Integrating the KL-based stochastic representation with experimental FRF measurements provides a powerful framework for probabilistic damage identification. Simulated degradation scenarios generated via the KL expansion can be compared with experimental FRF data to infer the most probable damage patterns, enabling robust detection and quantification of material deterioration under uncertainty [16,17]. This combined approach enhances both the interpretability and reliability of vibration-based SHM systems.

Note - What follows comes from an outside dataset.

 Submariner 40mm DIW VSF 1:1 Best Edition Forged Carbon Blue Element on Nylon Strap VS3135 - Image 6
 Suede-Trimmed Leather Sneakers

Nevertheless, inverse identification of material degradation from FRF measurements constitutes an inherently ill-posed problem. Multiple stiffness distributions can produce similar dynamic responses, and measurement noise can lead to solution instabilities. Bayesian inference [18,19] with Hamiltonian Monte Carlo (HMC) sampling provides a principled framework for uncertainty quantification, but practical implementation reveals a critical tension between mathematical regularisation (required for stability) and enforcement of physical constraints (essential for plausibility). Overly stringent regularisation during iterative sampling can distort convergence, while insufficient constraints yield physically impossible results such as stiffness enhancements in damaged regions. This methodological gap limits the practical application of stochastic identification frameworks.

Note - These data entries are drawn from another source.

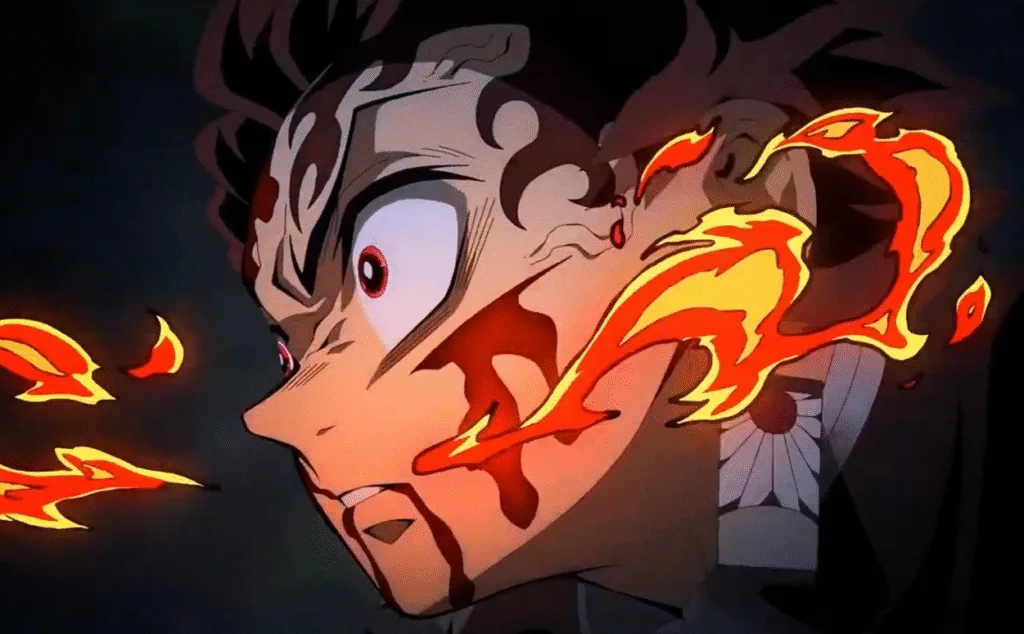 Tanjiro using his powers.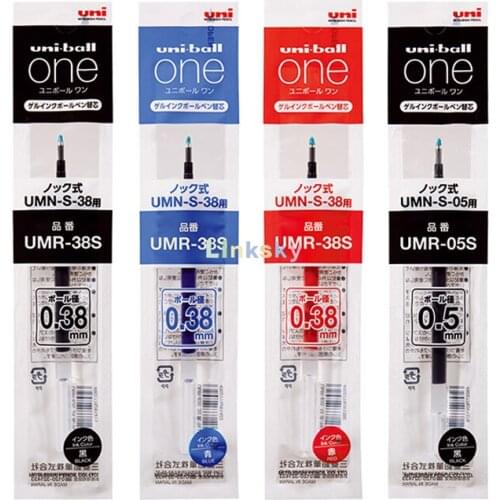 Uni-ball One Gel Ink Ballpoint Pen REFILLS 0.38mm Black Blue Red UMR-38S/05S,darker Colors and Water-resistance,School Supplies
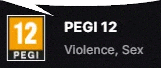 a sign that says ' pegi 12 violence sex ' on a black background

To address these challenges, this paper presents a novel stochastic framework with three key contributions. First, we combine KL expansion for efficient degradation parameterisation with experimental FRF data within a Bayesian inference scheme, circumventing the “curse of dimensionality” associated with element-wise approaches while providing a probabilistic description of structural material degradation (SMD). Second, we introduce a two-phase constraint strategy that separates mathematical stabilisation during HMC sampling from post-convergence physical bound enforcement. This prevents algorithmic distortion while ensuring final results respect fundamental physical principles. Third, we experimentally validate the framework on a steel cantilever beam with symmetric open-edge cuts, demonstrating successful damage localisation and quantification using laser vibrometry measurements.

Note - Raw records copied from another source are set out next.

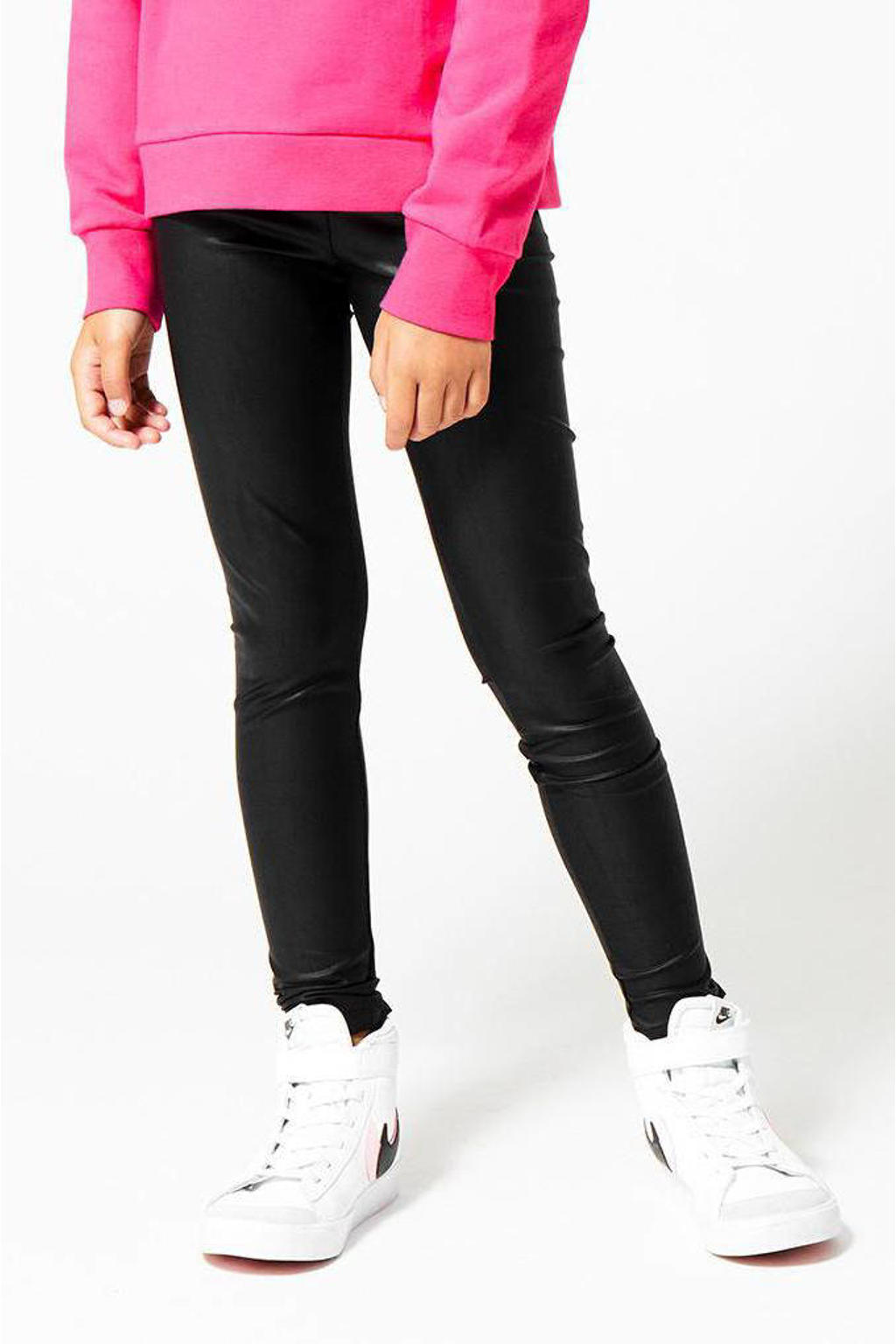 Zwarte meisjes CoolCat Junior imitatieleren legging Pagea met regular waist en elastische tailleband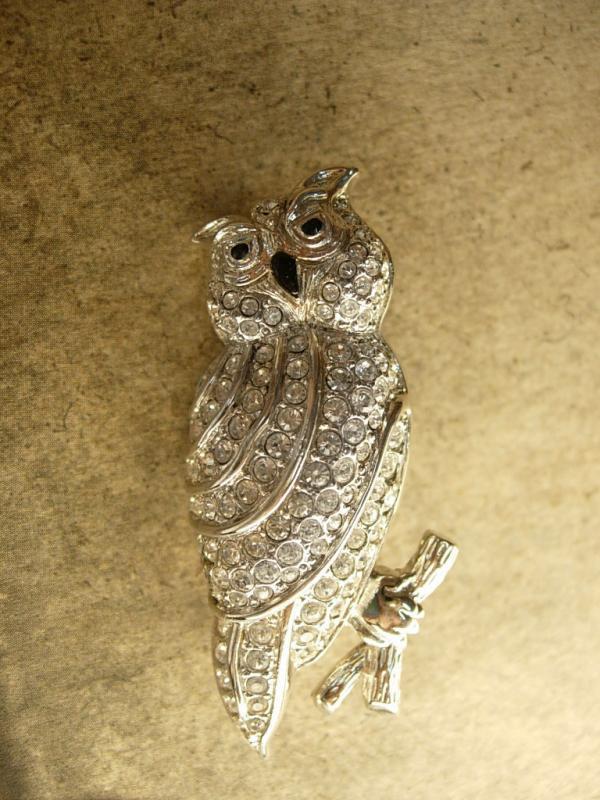 Vintage Pave rhinestone owl brooch Signed Swarovski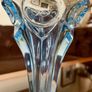 Vintage Art Deco Light Blue Pressed Glass Trumpet Vase made in Czechoslovakia 1930s Image 3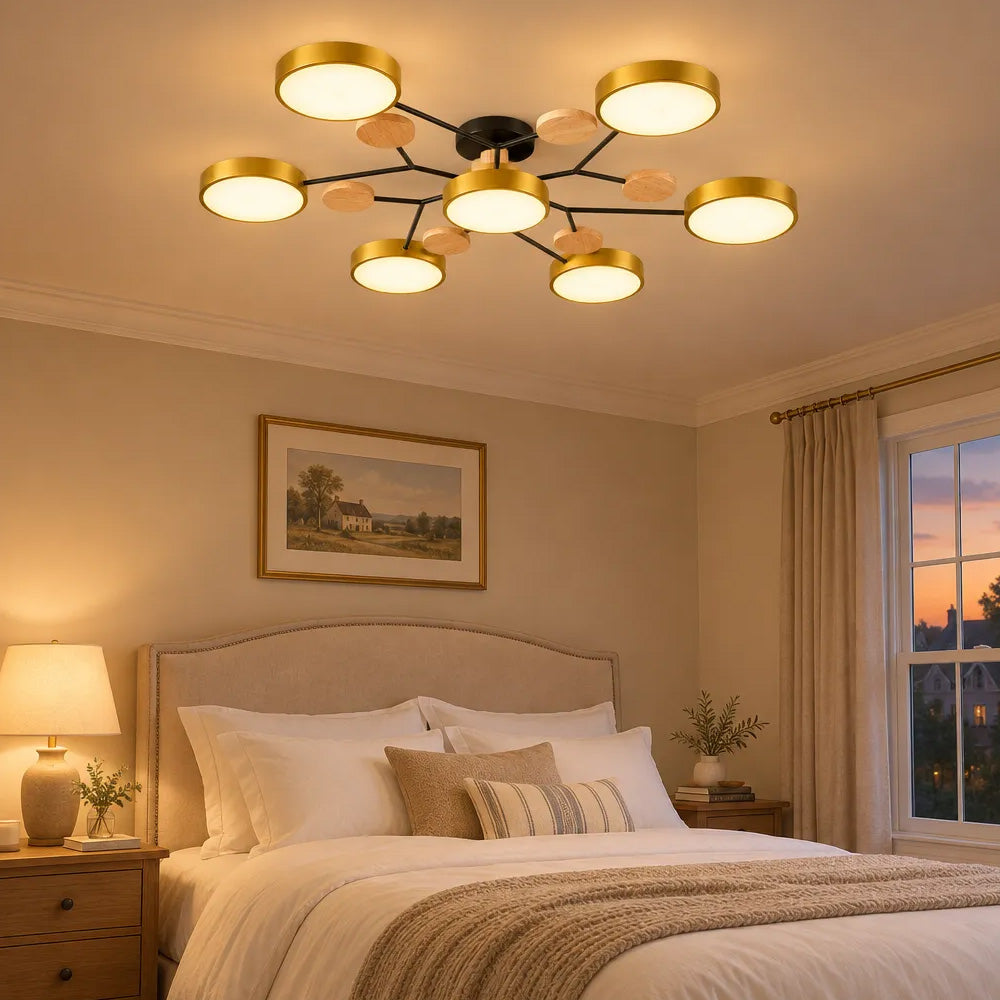Nordic Wood Flush Mount Ceiling Light for Bedroom
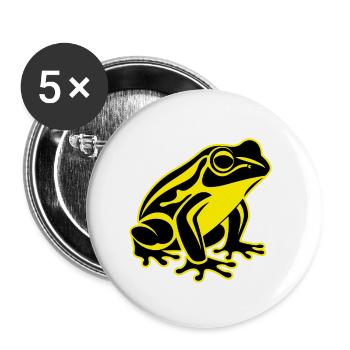 Frosch Tier - Buttons klein 25 mm (5er Pack) - Weiß - Vorne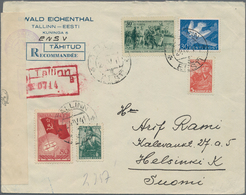 Estland: 1941, Censored Registered Cover With Mixed Country Franking Of Estonia And Sovietunion (dur - Estonie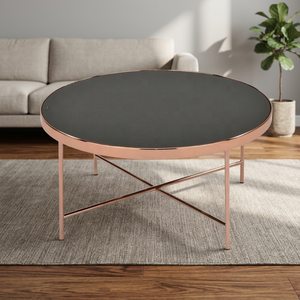 Modern Round Iron Coffee <b>Table</b> with Red Copper & Black 5mm Tempered Glass Top for Living Room Furniture SCE TB-393 - Product Image 2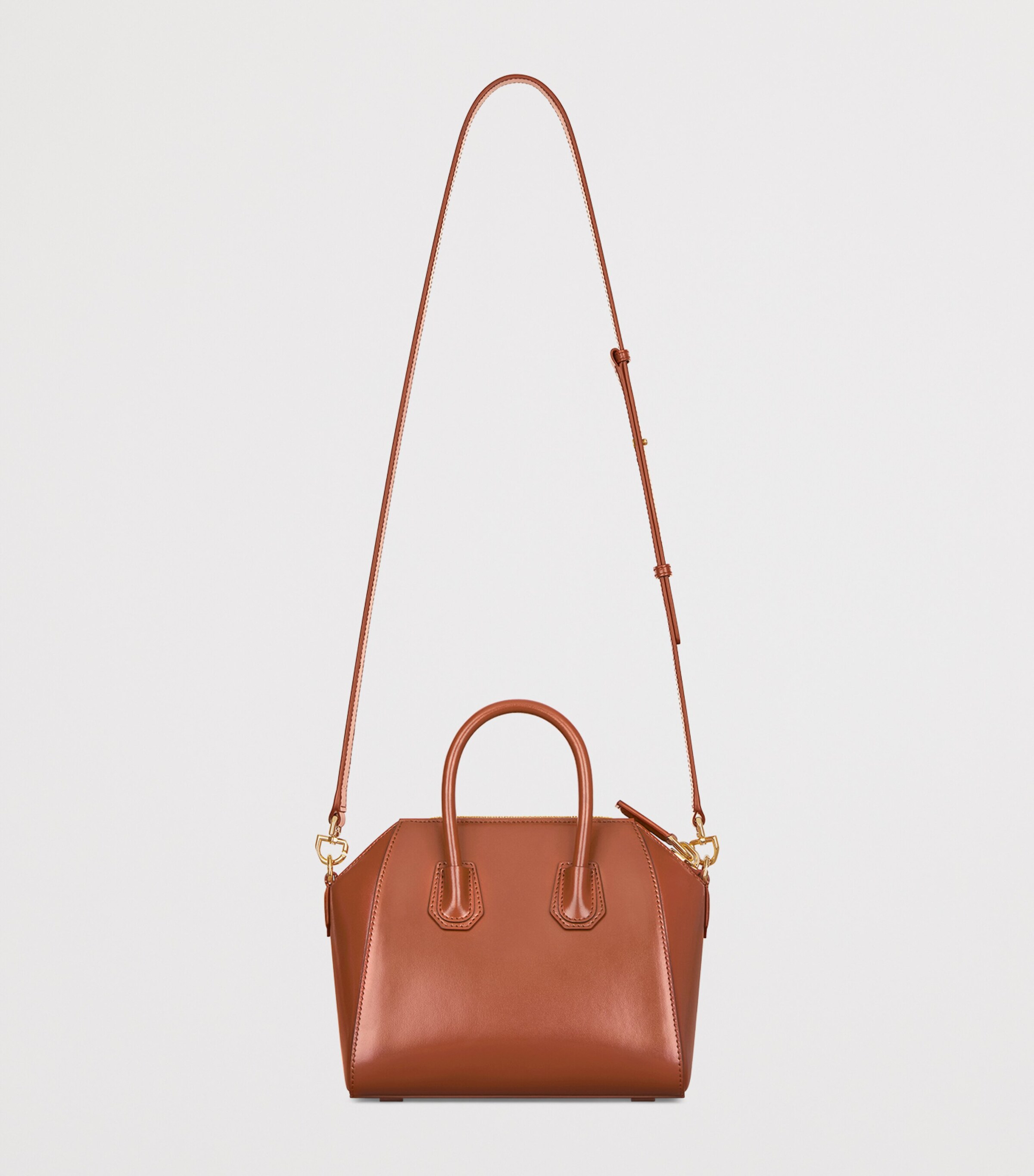 Mini Leather Antigona Top-Handle BAg CARAMEL BROWN Image 4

The present study therefore focuses on beam damage identification using experimental FRFs in conjunction with KL expansion-based modelling of material degradation. The goal is to investigate how spatial variability in stiffness affects the dynamic response, and how FRF-based indicators can be employed to identify and quantify degradation while addressing the regularisation-plausibility trade-off. Recent advances in structural identification have increasingly adopted hybrid physics-data-driven frameworks to enhance robustness and dimensionality reduction for ill-posed inverse problems under uncertainty. For instance, ref. [20] developed a reduced-order modelling approach combining principal component analysis (PCA) with a physics-data-driven neural network (PDNN) for aerodynamic load inversion under interval field uncertainties, demonstrating effective integration of physical constraints with data-driven mappings in high-dimensional spatial identification tasks. In a similar spirit, the present study employs KL expansion to represent spatially-varying stiffness degradation, but focuses specifically on experimental FRF-based Bayesian identification and introduces a novel two-phase constraint strategy to explicitly decouple mathematical regularisation from post-convergence physical plausibility enforcement—a methodological distinction from prior hybrid frameworks. A cantilever beam case study underscores the method’s accuracy, robustness, and potential for deployment in aerospace, civil, and mechanical engineering applications. The outcomes are expected to contribute to a probabilistic, data-informed framework for evaluating structural health in beam-like systems.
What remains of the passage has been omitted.